Наконец, в обоих романах довольно велика роль "числа", числовой символики, в особенности всякого рода круглых, ровных, магических и знаменательных цифр, иногда даваемых в открытой связи с тем или иным фольклорно-мифологическим мотивом: первый черноморец, первый верблюд, первая юрта, первый казах [ЗТ 9; ЗТ 27], три дня плавания, трое детей лейтенанта Шмидта, три дороги, три богатыря, семь братьев-богатырей в "Геркулесе" [ДС 33; ЗТ 1; ЗТ 25; ЗТ 11]. Герои ищут двенадцать стульев; Воронья слободка загорается в двенадцать часов ночи, подожженная с шести концов; Бендер входит в квартиру Корейко в полночь [ЗТ 21—22]. Знаменательны самые годы действия обоих романов (1927 — десятилетие революции, 1930 — "год великого перелома", коллективизация, XVI-й партсъезд).
В центре числовой эмблематики ДС/ЗТ находится бендеровский "один миллион рублей", сила которого именно в его единственности (сведение к единичному объекту типично для символических изображений, как и для мифов).

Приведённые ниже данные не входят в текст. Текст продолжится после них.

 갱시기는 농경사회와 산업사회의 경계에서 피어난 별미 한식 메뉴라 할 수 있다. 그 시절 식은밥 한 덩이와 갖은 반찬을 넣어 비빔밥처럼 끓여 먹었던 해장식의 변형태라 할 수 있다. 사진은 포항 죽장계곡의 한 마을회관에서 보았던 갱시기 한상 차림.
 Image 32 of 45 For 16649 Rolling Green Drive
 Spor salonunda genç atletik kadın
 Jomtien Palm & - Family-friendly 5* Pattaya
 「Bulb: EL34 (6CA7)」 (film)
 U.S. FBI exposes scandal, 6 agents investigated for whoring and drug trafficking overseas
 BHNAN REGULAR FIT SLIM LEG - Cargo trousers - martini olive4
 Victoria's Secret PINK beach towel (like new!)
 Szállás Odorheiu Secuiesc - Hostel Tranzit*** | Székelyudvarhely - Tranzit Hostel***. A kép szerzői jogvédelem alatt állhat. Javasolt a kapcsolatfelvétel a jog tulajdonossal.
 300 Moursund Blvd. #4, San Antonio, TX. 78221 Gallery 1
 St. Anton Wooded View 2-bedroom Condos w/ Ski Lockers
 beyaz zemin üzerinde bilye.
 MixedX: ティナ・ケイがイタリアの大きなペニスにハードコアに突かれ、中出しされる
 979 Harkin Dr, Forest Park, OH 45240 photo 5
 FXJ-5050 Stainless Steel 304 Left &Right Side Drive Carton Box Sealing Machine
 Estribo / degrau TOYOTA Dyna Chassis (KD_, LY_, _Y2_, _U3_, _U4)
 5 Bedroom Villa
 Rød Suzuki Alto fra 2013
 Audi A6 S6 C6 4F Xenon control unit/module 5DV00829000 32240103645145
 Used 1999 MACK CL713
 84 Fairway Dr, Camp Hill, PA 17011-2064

Один миллион — хрестоматийное воплощение богатства, цифра, удобная для демонстраций, экспериментов, максим. Неудивительно, что эта классическая сумма всячески оберегается от раздробления, от размена. Характерно уже то, что Бендер оценивает досье Корейко ровно в один миллион: ведь он мог бы спросить с подпольного коммерсанта и больше. Отдавая деньги, Корейко хочет вычесть десять тысяч в счет ограбления на морском берегу, но перфекционист и эстет Бендер не принимает идеи некруглого миллиона [ЗТ 30]. И позже, несмотря на траты, миллион практически остается неразменным: Бендер сохраняет его в целости до конца романа. "Остап каждый день считал свой миллион, и все был миллион без какой-то мелочи... Если не считать пятидесяти тысяч Балаганова, которые не принесли ему счастья, миллион был на месте". Вскоре после этого Бендер демонстрирует свое богатство студентам в вагоне, по-прежнему в качестве "одного миллиона", и на шутку "мало" отвечает, что один миллион его устраивает [ЗТ 32—34]. Терминология эта остается в силе и после конверсии денег в драгоценности: "Остап боролся за свой миллион, как гладиатор" [ЗТ 36]. Проводя в последней части романа идею бесполезности денег, соавторы придают им наглядную и провербиальную форму (аналогичную функцию выполняет банкнота в миллион фунтов в известном рассказе М. Твена, см. ЗТ 32//8). Зрительная вещественность и цельность миллиона подчеркивается наличием облекающего контейнера — мешка, чемодана (в старых комедиях о скупых сходную роль играют горшки и шкатулки). Размен миллиона в последней главе романа на множество разнокалиберных вещей есть уже первый шаг к его утрате.